The Krakow Film Festival is on the exclusive list of film events qualifying for the Academy Awards® in short film categories (fiction, animation, documentary) and feature-length documentary, the European Film Awards in the same categories, and serves as a qualifying event for the BAFTA Awards.
The Krakow Film Festival is organised with financial support from the City of Krakow, the Ministry of Culture and National Heritage, the Polish Film Institute, and the Creative Europe MEDIA Programme.

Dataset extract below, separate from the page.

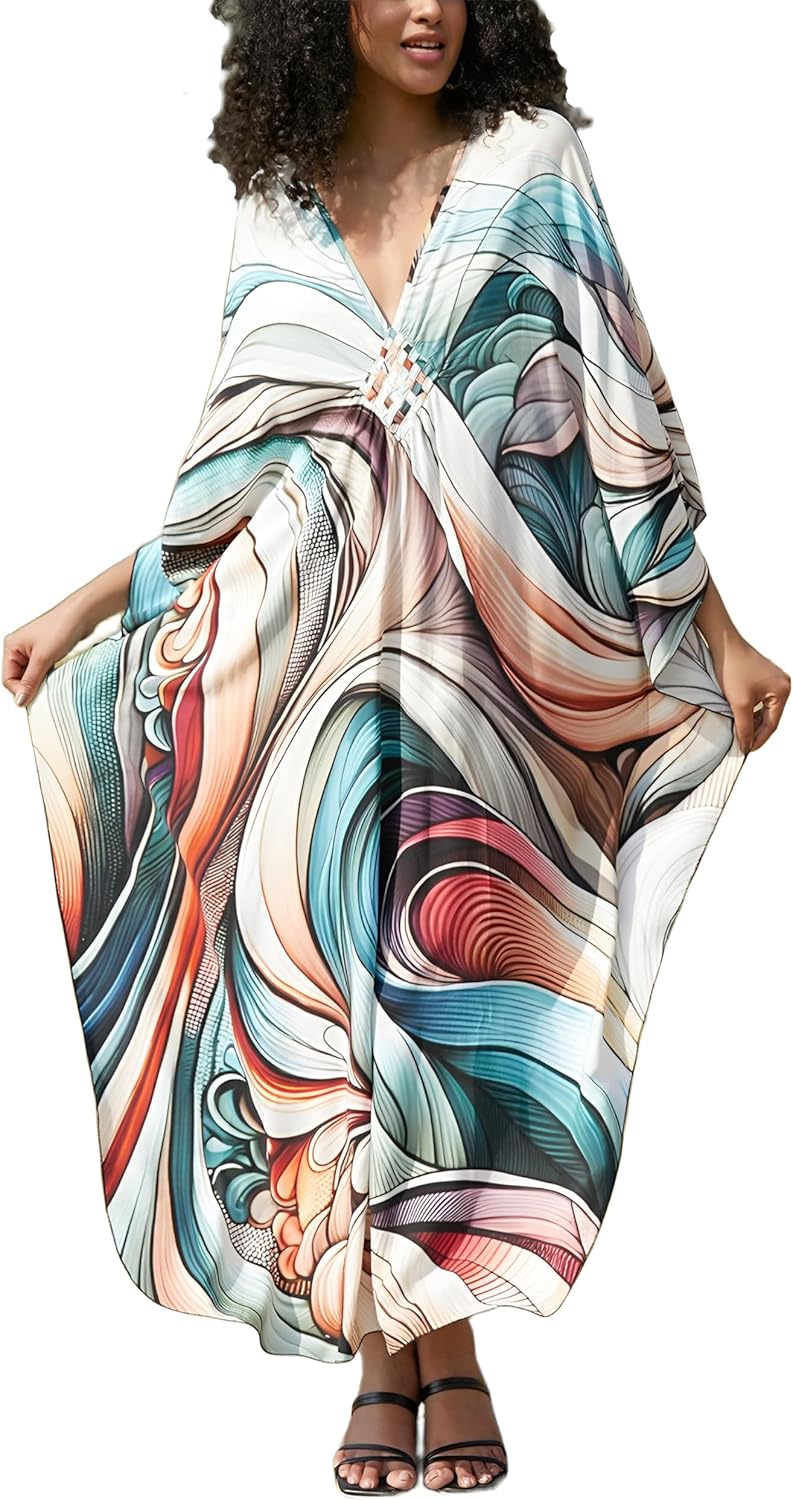 KEYLORTING Women's Plus Size Kaftan Dress – Plus Size Maxi Dress Moo Moos Beach Cover Up,Bathing Suit Cover-Up Loungewear - Image 1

The Polish Filmmakers Association serves as co-organiser.
The KFF at the Barbican is co-organised by the National Cultural Centre as part of the cultural programme of the Polish Presidency of the Council of the European Union 2025.
The 65th Krakow Film Festival will be held in cinemas from 25 May to 1 June 2025, and online on KFF VOD from 30 May to 15 June 2025.